# how many Megapixels is the Macbook Pro 13"?



## hazedragon45 (Oct 28, 2009)

Just wondering.. i tried googling it but couldn't find out. I'd assume at least 1.


----------



## i-rui (Sep 13, 2006)

the screen resolution is 1280 X 800... which equals 1,024,000. So JUST over 1 megapixel


----------



## 9780 (Sep 14, 2006)

I think he was referring to the iSight camera... Good question. I hear the Air has lower res than the Macbook and the Pro, but I don't have #s to support what I read somewhere lol


----------



## jefflichty (Sep 12, 2009)

if its the screen i would be more concerned with colour then resolution...a 1080P tv is only 2MP 1920*1080.

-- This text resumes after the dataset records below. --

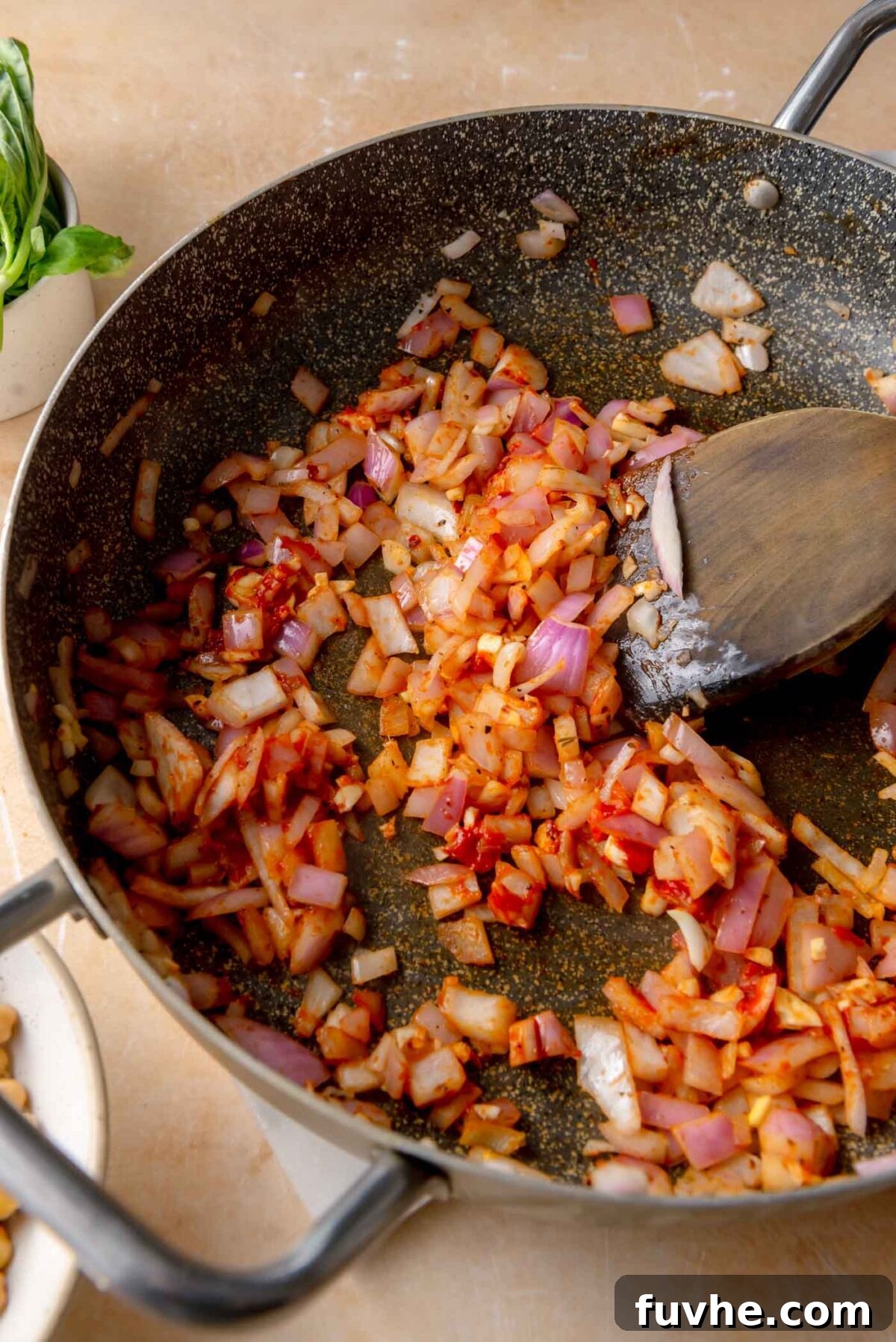 Head Over Heels for Chickpeas 6 Softened red onion cooking in a skillet with minced garlic, red chili flakes, and tomato paste, creating a deep red, fragrant base for the sauce.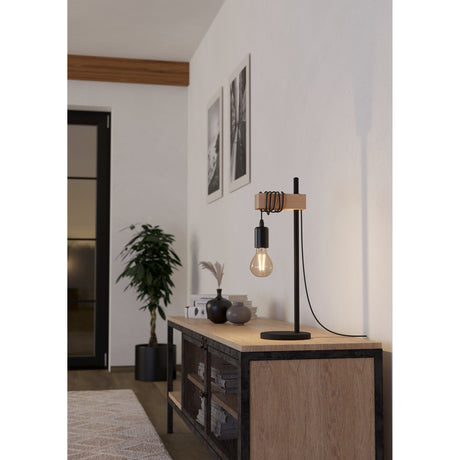 Hosmane Table Lamp in black steel and pale wood, round base, slim upright with wooden crossbar and looped cable, exposed bulb, shown on a sideboard in a living room.
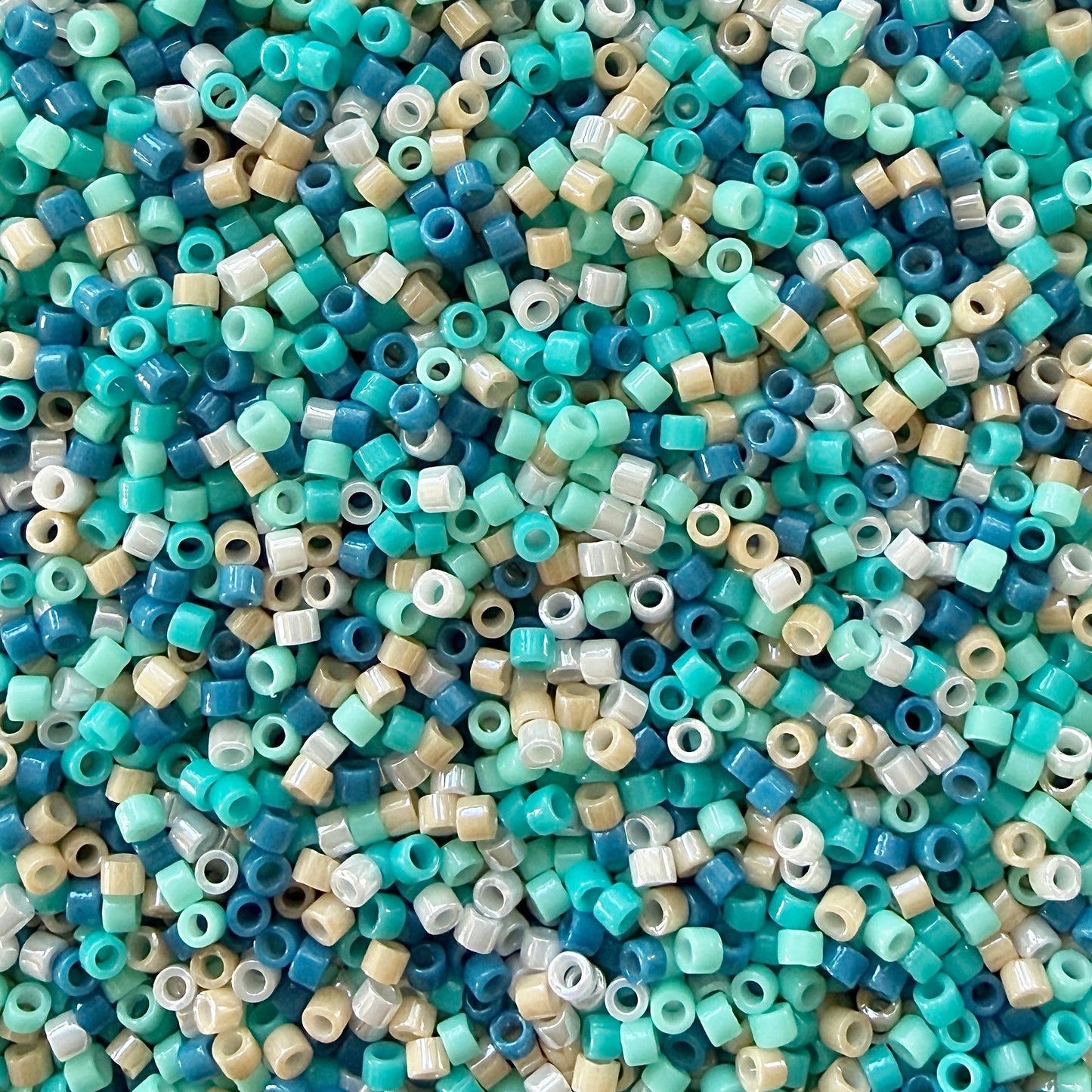 A mix of turquoise, teal, sandy beige, and white Miyuki seed beads.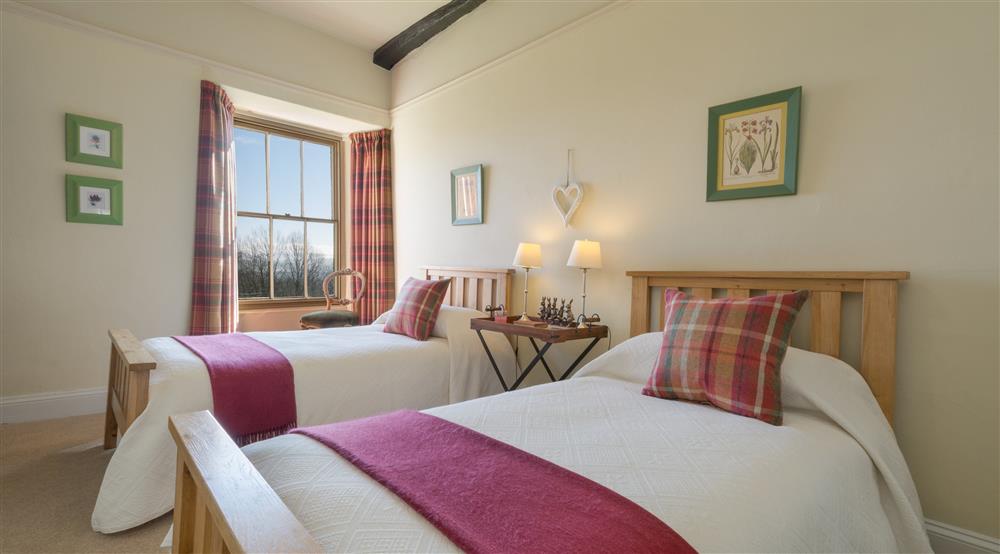 One of the twin bedrooms (photo 2) at Holeslack Farmhouse in Kendal, Cumbria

makes me wonder why i bought such a high res camera


----------



## broad (Jun 2, 2009)

because you sit 7' away from the 1080p tv, but you hold the photo 7" away from your face


----------



## jefflichty (Sep 12, 2009)

broad said:


> because you sit 7' away from the 1080p tv, but you hold the photo 7" away from your face


actually the size i print off at if you looked at it 7" away you'd go blind lol

average size of print is 3'x3' and the random 4'x2'


----------



## hayesk (Mar 5, 2000)

Most people print 4" x 6" because that's the cheapest to print. 2 - 3 megapixels is fine for that size.


----------